§ **Data**:
━━━━━━━━━━━━━━━━

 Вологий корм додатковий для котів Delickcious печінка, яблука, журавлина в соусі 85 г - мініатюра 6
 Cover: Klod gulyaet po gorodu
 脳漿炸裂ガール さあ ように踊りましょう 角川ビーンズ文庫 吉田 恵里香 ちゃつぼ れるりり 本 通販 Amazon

━━━━━━━━━━━━━━━━

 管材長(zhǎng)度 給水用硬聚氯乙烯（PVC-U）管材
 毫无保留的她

━━━━━━━━━━━━━━━━

§ **Problem description**: Return only the part of the records above that opens with the line containing "Cover: Klod gulyaet po gorodu" and closes with the line containing "脳漿炸裂ガール さあ ように踊りましょう", ends included.

§ **Reply**:
 Cover: Klod gulyaet po gorodu
 脳漿炸裂ガール さあ ように踊りましょう 角川ビーンズ文庫 吉田 恵里香 ちゃつぼ れるりり 本 通販 Amazon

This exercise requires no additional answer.